- **To do**:
The output must be exactly the lines from the "Salle de bains" line through the end of the listing below, with no picture included.

--------

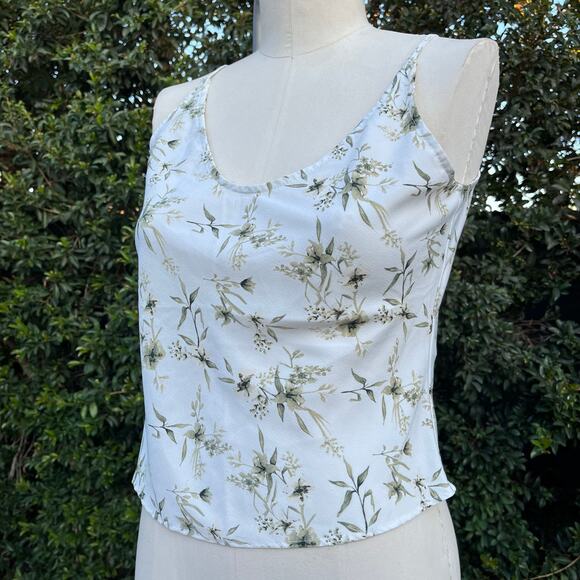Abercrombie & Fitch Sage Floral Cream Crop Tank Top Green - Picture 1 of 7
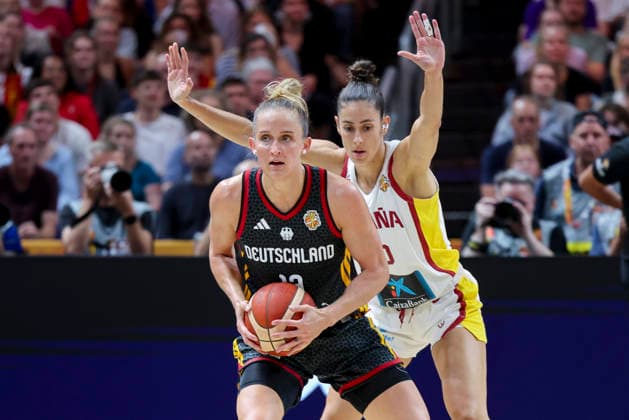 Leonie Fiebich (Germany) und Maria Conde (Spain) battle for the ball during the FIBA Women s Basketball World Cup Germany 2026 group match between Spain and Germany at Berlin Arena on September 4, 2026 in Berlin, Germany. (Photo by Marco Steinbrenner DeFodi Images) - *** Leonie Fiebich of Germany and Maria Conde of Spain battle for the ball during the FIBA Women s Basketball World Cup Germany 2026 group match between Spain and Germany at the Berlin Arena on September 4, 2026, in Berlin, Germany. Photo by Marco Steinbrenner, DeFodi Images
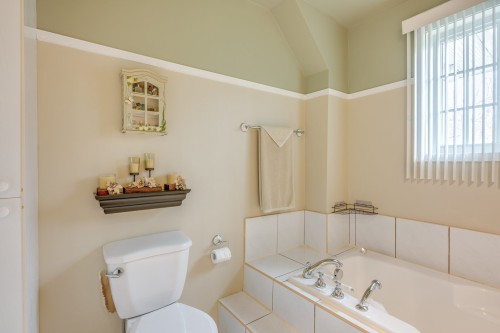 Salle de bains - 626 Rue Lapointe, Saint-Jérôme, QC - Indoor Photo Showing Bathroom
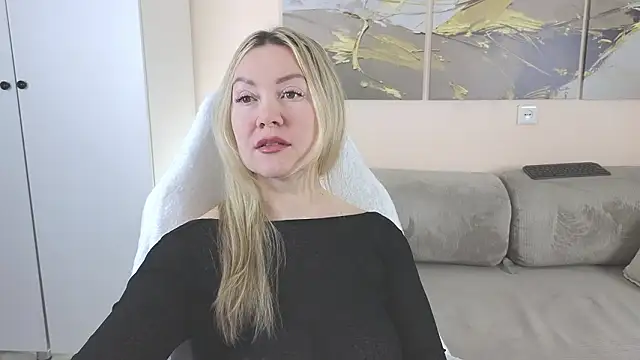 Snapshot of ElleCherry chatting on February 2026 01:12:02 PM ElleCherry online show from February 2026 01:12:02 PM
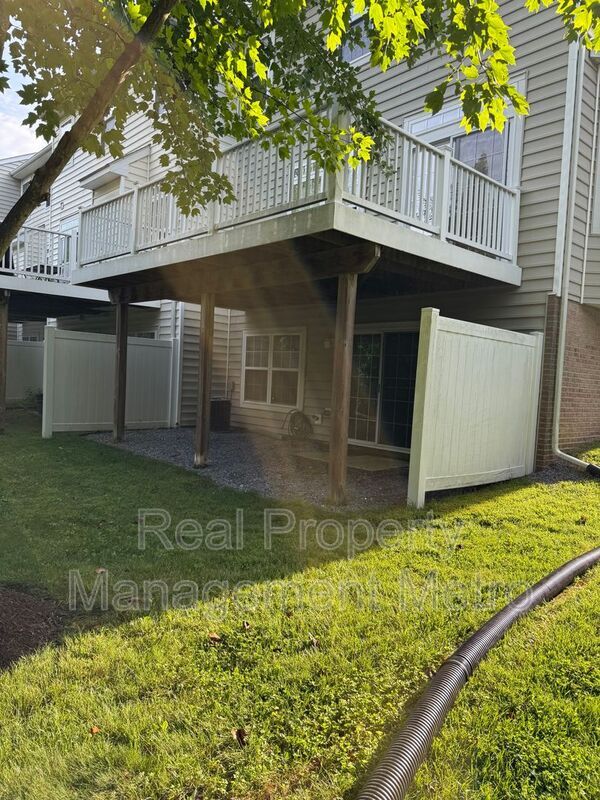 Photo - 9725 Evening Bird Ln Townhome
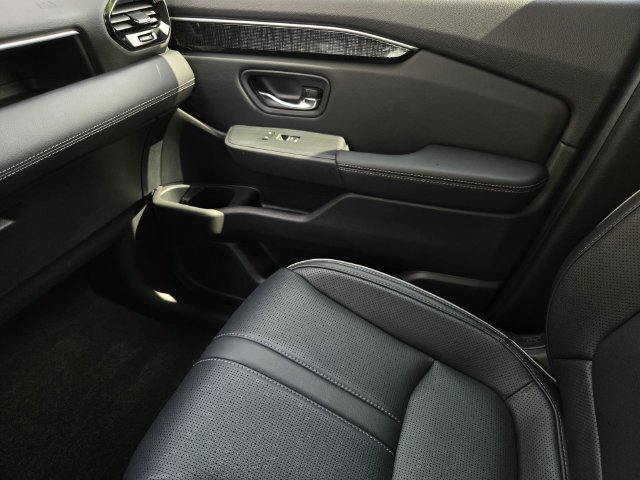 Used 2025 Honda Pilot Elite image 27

--------

- **Result**:
 Salle de bains - 626 Rue Lapointe, Saint-Jérôme, QC - Indoor Photo Showing Bathroom
 Snapshot of ElleCherry chatting on February 2026 01:12:02 PM ElleCherry online show from February 2026 01:12:02 PM
 Photo - 9725 Evening Bird Ln Townhome
 Used 2025 Honda Pilot Elite image 27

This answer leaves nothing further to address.